2) The second is where the HTTP request is orthogonal. An example is OpenSocial where the server is sending state information to the client such as what user is currently logged in.

The main practical example I have of the first use case is what Twitter wants to do with redelegation. In this case TweetDeck can't given TwitPic it's own bearer token, but needs to sign the POST request and pass that signature to TwitPic for it to include in the final API request to Twitter.

In terms of signing protected resource requests, I haven't heard anyone bring up specific and detailed needs for this recently.
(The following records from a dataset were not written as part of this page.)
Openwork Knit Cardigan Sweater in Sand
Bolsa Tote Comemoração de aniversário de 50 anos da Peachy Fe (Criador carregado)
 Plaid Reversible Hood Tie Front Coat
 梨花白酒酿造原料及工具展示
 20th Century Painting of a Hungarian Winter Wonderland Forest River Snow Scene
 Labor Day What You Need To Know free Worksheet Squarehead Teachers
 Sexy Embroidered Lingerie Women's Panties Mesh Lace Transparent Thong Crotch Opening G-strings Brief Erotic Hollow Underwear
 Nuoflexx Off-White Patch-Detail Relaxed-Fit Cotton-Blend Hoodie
JSON tokens pretty clearly make sense for the second class of signature use cases and it's actually a bit hard to argue why they would be a part of OAuth. Facebook shipped this a bit over a month ago for canvas applications. We include a `signed_request` parameter which is signature.base64url(JSON). Parsing it is 18 lines of PHP. http://developers.facebook.com/docs/authentication/canvas

This second class of use case will also be required by OpenID Connect where the server is signing identity information and sending it to the client. I imagine that OpenSocial will also still have it and wish to continue relying on public key algorithms.

So a few questions:
 * Do we want to tackle both of these classes of signatures in OAuth?
 * Why do you consider the second class part of OAuth versus something completely separate that might happen to include an OAuth access token?
 * Is the Twitter redelegation use case the right focus for the first class?
 * Is there an example of an OAuth 2.0 server that can't use bearer tokens for protected resource requests and thus requires signatures?